* _EXERCISE AIM_
Could you please reproduce the entries exactly, leaving out any pictures?
::: SUPPLIED RECORDS :::
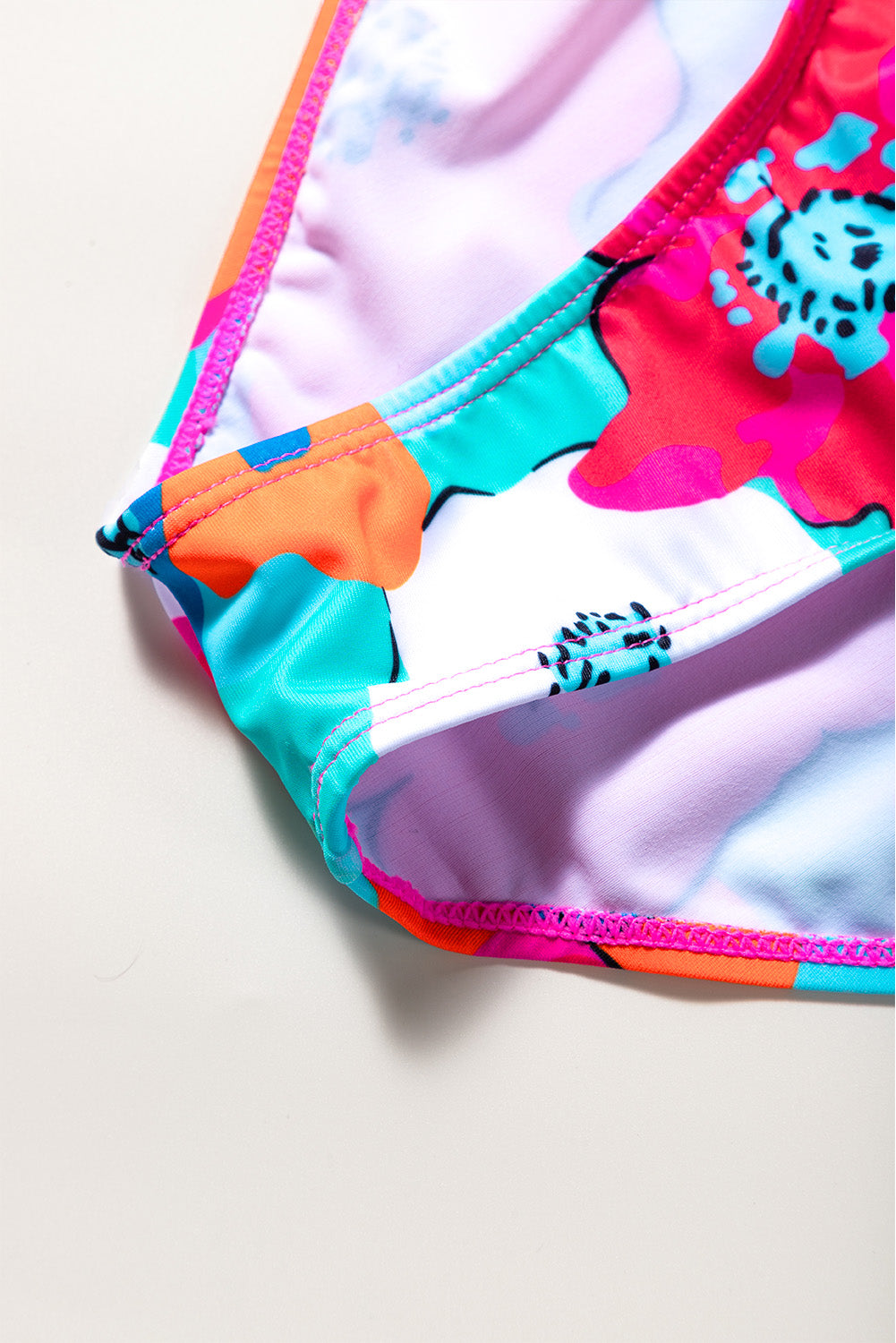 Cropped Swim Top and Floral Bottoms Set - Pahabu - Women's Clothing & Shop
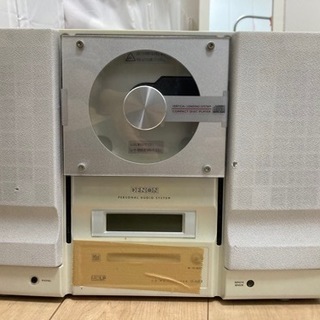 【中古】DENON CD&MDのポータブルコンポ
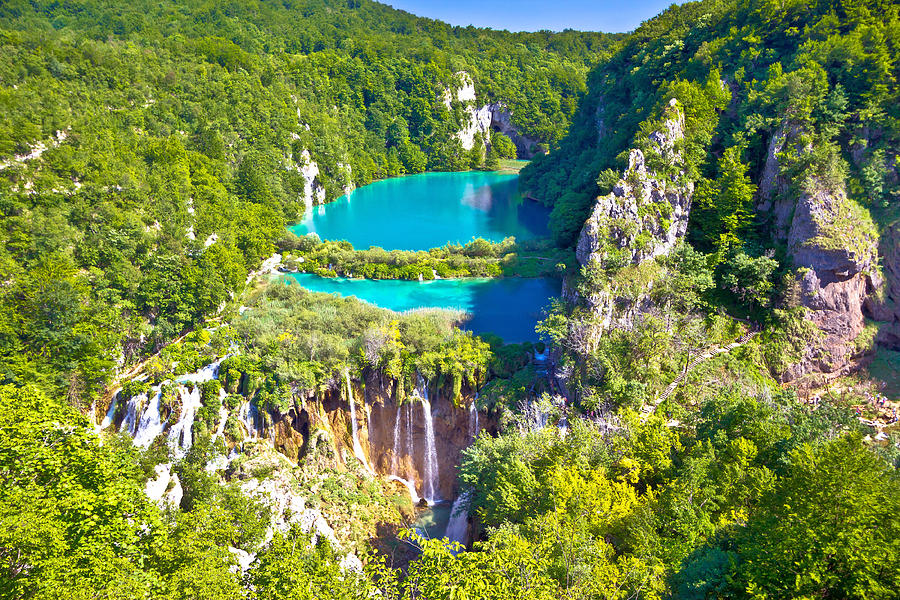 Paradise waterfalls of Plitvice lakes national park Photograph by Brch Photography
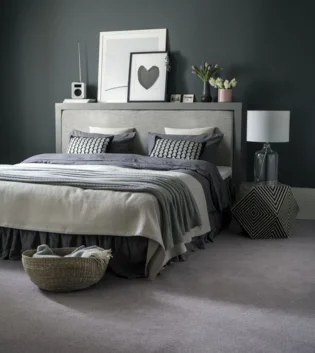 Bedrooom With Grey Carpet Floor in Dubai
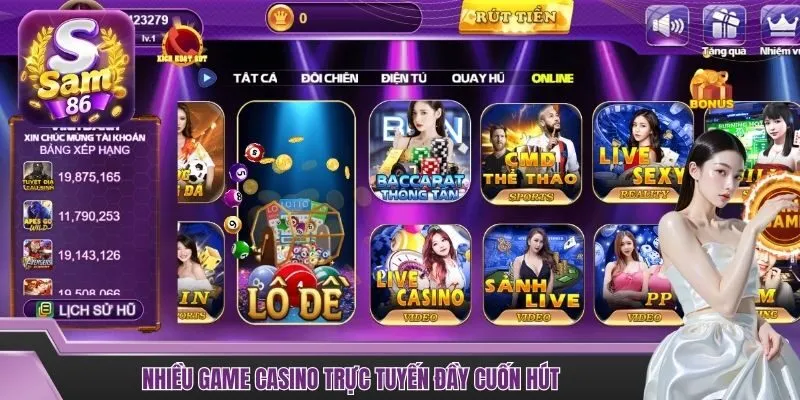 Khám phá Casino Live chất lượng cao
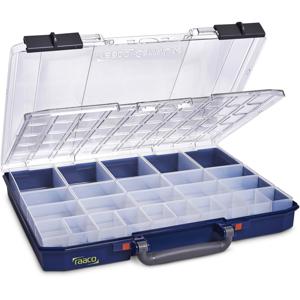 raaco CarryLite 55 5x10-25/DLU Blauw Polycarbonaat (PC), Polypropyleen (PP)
:::
* _WRITTEN REPLY_
 Cropped Swim Top and Floral Bottoms Set - Pahabu - Women's Clothing & Shop
 【中古】DENON CD&MDのポータブルコンポ
 Paradise waterfalls of Plitvice lakes national park Photograph by Brch Photography
 Bedrooom With Grey Carpet Floor in Dubai
 Khám phá Casino Live chất lượng cao
 raaco CarryLite 55 5x10-25/DLU Blauw Polycarbonaat (PC), Polypropyleen (PP)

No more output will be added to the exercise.